Watch Belafonte on Democracy Now
https://www.democracynow.org/2016/12/6/welcome_to_the_fourth_reich_legendary 

On Monday night, actor and activist Danny Glover spoke at Democracy Now!’s 20th anniversary at Riverside Church—the very same place where civil rights leader Rev. Martin Luther King Jr. gave his historic speech against the Vietnam War in 1967. As Danny Glover addressed more than 2,000 people, he called on the crowd and the country to organize once again in the spirit of Martin Luther King.


Actor & Activist Danny Glover: We Must Organize in the Spirit of Martin Luther King Jr.  Democracy Now, Dec. 6, 2016

AMY GOODMAN: The actor, director, activist Danny Glover also spoke Monday night, referencing Dr. King’s address.
DANNY GLOVER: I would be remiss if I would stand on this stage without mentioning one of the great moments on this stage nearly 50 years ago, when a young minister, a liberation theologist, a—one of the most extraordinary human beings of this century, any century, stepped here and, with all his consciousness, with all the pain it took, denounced the war in Vietnam—Dr. Martin Luther King, on this stage—knowing that he spoke for his heart and his consciousness, knowing that he was doing something that he was going to be vilified. Yet he spoke up.

As we think about the moments ahead and the work that we have to do, the history that we must—it’s imperative that we make, we have to think about those moments and use all our courage, every bit of it, whether it’s in the service of finding the truth and finding those stories, where those who feel that they are lost within their own country here and can only turn to the far right in everything else—so, where we have to do and where we’re going to have to go, and not simply just preaching to our choir, to our constituency, is farther than we’ve ever wanted to reach and understand. We have all the technology in the world. We have every single thing available to us. But organizing, taking ourselves serious about that and doing the work we need to do, wherever it is, is going to take something from our hearts. It’s going to take something deep from our hearts.
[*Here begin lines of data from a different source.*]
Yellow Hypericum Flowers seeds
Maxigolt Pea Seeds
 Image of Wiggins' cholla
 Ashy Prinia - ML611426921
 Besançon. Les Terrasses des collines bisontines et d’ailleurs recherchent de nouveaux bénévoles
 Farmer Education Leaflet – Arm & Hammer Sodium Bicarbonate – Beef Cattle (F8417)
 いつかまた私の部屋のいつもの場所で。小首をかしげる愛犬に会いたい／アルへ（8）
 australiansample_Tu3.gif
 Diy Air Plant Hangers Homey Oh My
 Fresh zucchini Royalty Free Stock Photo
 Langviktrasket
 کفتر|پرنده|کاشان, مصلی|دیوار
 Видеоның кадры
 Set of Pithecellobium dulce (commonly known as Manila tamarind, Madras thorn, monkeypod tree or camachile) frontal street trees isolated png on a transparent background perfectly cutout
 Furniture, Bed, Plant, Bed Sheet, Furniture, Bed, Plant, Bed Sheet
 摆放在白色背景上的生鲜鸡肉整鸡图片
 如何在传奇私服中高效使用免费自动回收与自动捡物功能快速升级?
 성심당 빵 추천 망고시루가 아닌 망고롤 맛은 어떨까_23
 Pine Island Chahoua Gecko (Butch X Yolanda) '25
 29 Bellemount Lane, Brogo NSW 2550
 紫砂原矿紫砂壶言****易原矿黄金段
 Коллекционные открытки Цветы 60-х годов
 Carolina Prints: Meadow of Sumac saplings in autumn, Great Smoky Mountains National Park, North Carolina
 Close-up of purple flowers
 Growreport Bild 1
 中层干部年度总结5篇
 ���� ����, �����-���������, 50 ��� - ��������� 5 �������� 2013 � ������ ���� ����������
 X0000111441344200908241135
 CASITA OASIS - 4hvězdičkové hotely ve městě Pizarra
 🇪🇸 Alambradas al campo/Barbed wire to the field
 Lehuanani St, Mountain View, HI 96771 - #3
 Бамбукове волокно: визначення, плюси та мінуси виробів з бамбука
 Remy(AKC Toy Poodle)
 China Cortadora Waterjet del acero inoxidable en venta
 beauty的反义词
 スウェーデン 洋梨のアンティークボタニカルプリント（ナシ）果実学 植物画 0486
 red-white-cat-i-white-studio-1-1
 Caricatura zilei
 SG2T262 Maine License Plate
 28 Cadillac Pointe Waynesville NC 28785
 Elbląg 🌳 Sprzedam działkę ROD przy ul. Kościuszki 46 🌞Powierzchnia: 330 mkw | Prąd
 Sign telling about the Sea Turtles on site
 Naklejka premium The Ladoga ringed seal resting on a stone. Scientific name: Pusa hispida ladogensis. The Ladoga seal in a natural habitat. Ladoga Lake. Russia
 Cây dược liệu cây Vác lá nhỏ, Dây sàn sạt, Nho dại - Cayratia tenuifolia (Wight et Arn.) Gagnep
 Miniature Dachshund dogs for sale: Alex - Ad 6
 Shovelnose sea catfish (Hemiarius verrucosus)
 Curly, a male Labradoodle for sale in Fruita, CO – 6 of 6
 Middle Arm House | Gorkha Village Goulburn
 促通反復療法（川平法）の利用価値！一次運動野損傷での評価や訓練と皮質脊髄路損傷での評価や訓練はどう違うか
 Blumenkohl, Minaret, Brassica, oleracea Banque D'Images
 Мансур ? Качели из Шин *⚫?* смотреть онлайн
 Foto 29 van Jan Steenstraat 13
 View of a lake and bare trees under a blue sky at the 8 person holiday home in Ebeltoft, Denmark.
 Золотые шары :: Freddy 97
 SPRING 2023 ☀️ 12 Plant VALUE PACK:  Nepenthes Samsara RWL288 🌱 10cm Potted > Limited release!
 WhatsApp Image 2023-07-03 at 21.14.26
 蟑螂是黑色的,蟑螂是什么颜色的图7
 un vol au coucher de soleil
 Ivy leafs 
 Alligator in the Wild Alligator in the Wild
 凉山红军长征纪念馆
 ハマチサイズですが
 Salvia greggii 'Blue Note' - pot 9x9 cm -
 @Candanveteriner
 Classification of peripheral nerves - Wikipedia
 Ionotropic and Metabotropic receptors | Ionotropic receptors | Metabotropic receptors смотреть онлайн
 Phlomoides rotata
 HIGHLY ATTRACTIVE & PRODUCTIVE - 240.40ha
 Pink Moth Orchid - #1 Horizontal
So, as we move forward and we realize the work we have to do, Noam Chomsky talked about the opportunities that we have within—right here, at this moment. We look at the demographics, talks about the ways in which we can use what has happened as a platform to build, to create, to imagine and continue to imagine. That’s our responsibility right now. At 70 years old or at seven years old, at 90 years old or whatever we are, we have to take that on. And certainly, we come armed with the information that Democracy Now! has provided us through the journey that they’ve taken us on, learning lessons, finding new ways in which we can employ those lessons, use those lessons in our own work, in our own moment. And we are here to celebrate, but at the same time to move forward more fiercely, more courageously than ever before. Thank you.